An appropriate system would be to have the trailer inspected daily by the person who is about to use it.


Mr Turner said: “Where a trailer is used for agriculture it is exempt from road-worthiness testing but it does not mean farmers can ignore the maintenance.


“A check around the trailer to make sure you have not got a flat tyre or that the last person using it did not back into something and break the light is all it needs.


“Any faults found must be repaired properly, with proper attention being paid to the brakes. It is an ongoing duty.”
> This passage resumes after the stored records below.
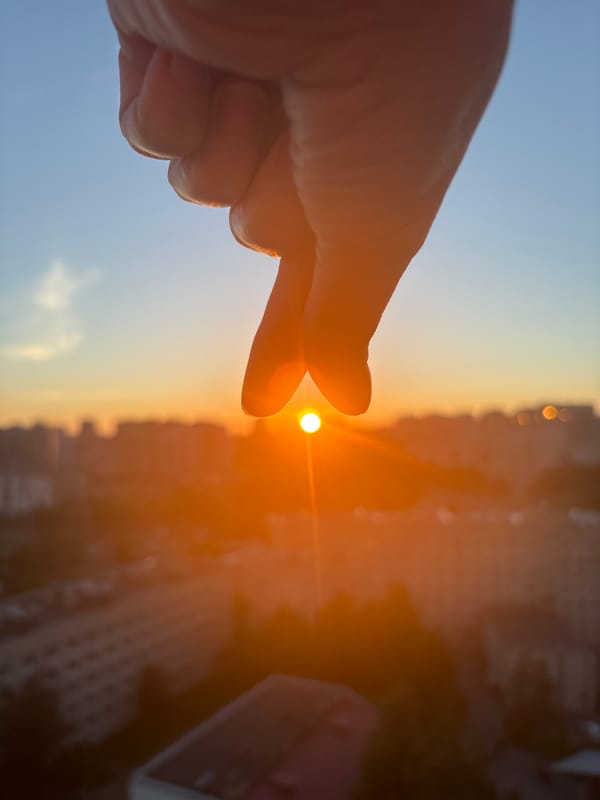 Golden hour city sunset with skyline shots and playful hand frames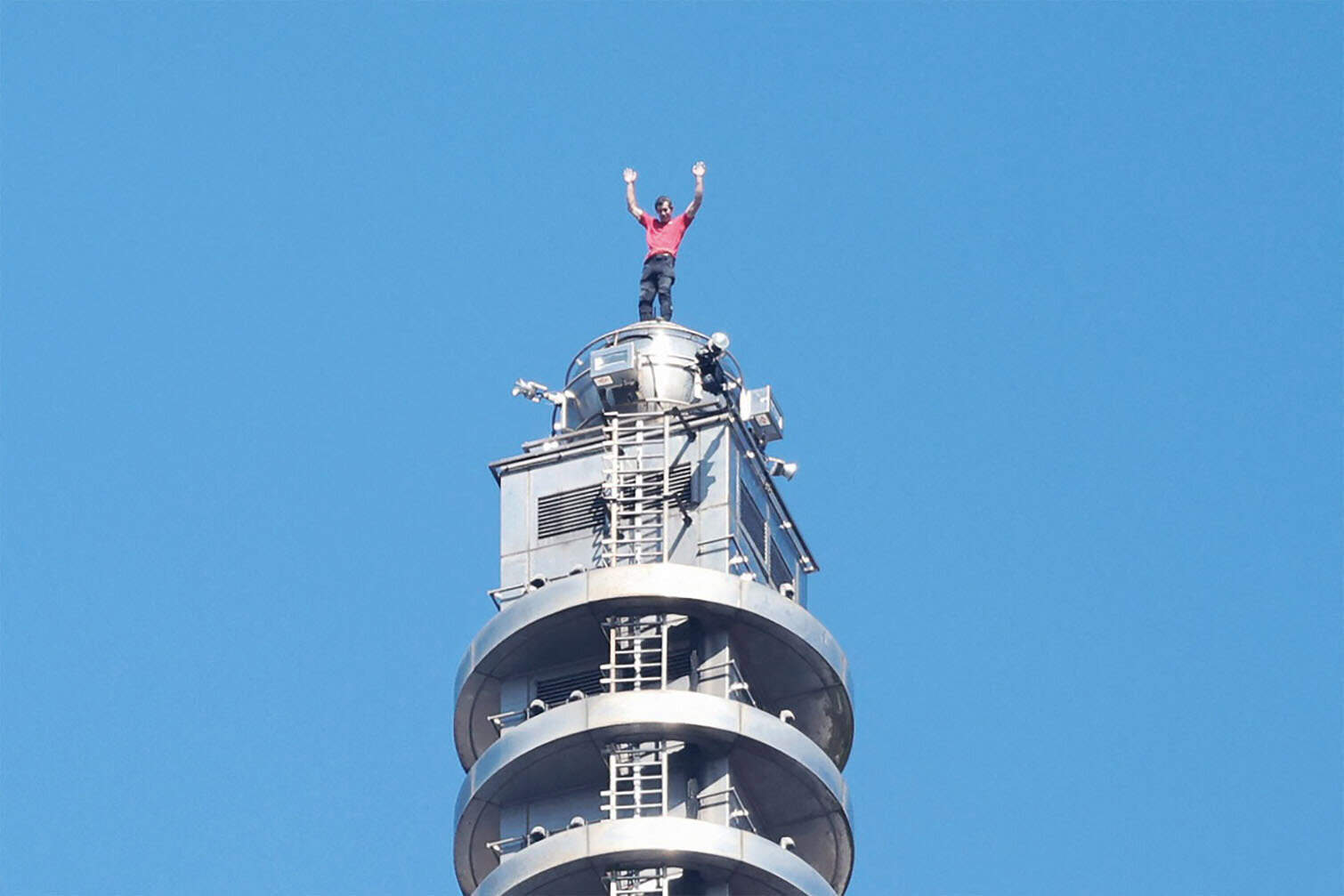 US rock climber Alex Honnold raises his arms from the top of the Taipei 101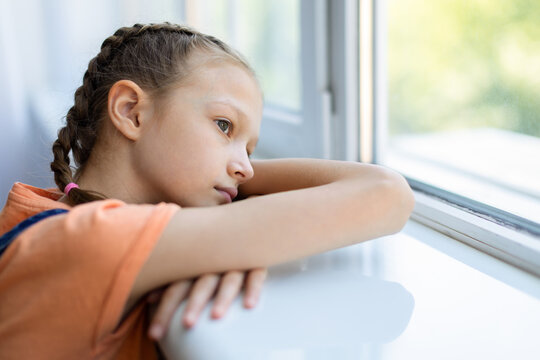 Pensive teen girl leaning on windowsill at home and looking outside, showing loneliness, boredom or quiet reflection in a close emotional lifestyle portrait
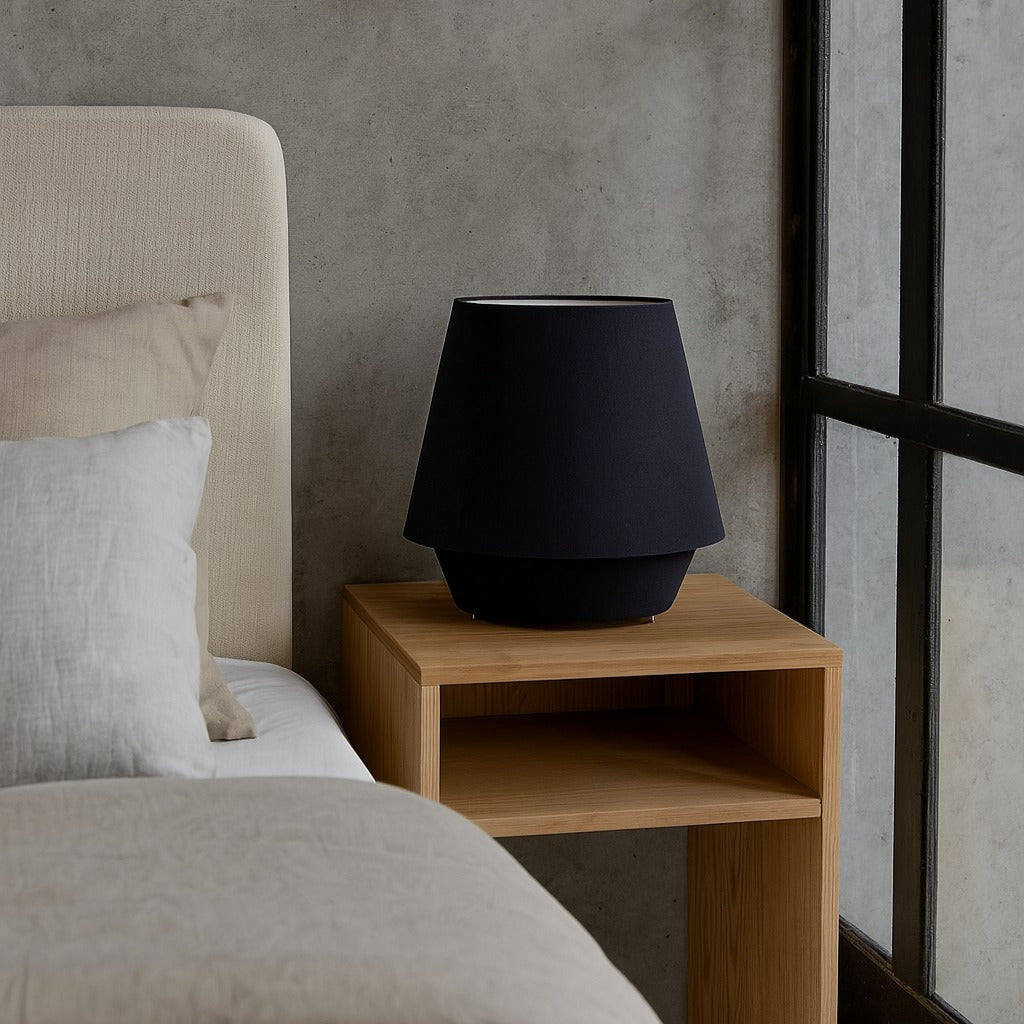 Black lamp on a wooden nightstand next to a bed with beige bedding.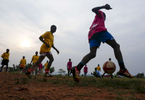 Participants play a soccer game at the {quote}Women take the Lead{quote} festival, a soccer event for Congolese refugee youth in Kampala, Uganda.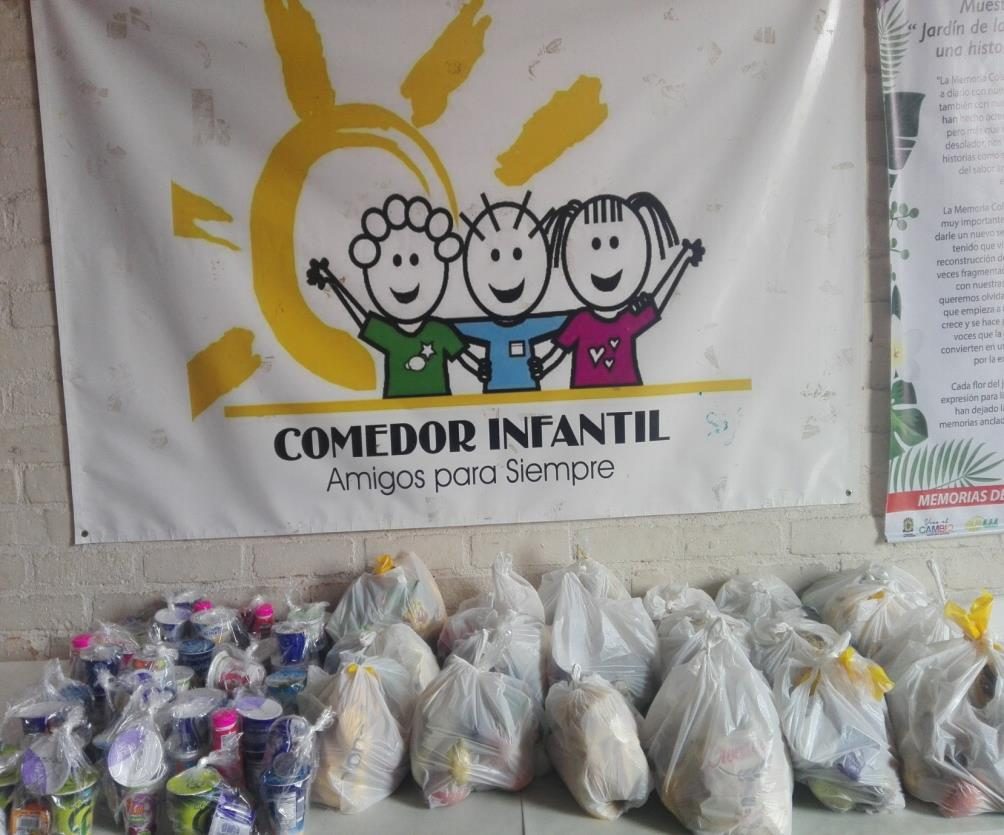 Bolsas de alimentos frente al logo del comedor infantil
What the police look out for:


Traffic sergeant Ian Manley of Cambridgeshire Police said vehicles should be properly maintained and suitable for purpose, paying attention to the following points:

  • Tyres: Trailer tyres should be properly maintained. Make sure there are no bulges or cracks in the tyre wall, ensure they are inflated in accordance with manufacturer guidelines and there is sufficient tread across the tyre surface;
  • Loading and vehicle weight: Ensure the trailer is loaded correctly and there is an equal weight distribution. It is also important to make sure the vehicle and trailer do not exceed manufacturer plated weight limits for vehicle, trailer and train weight;
  • Licensing: The driver of the vehicle should have the correct licence for the vehicle and trailer they are towing
  • Brakes and breakaway cables: Ensure breakaway cables are correctly applied and the braking system for the trailer is adequately maintained and operates correctly;
  • Lights: Ensure all obligatory lights work correctly, including rear positioning lights, brake lights and indicators;
  • Tow ball and hitch: The connection point where the vehicle and trailer meet should be suitably maintained and all bolts and connections should be present and up to standard.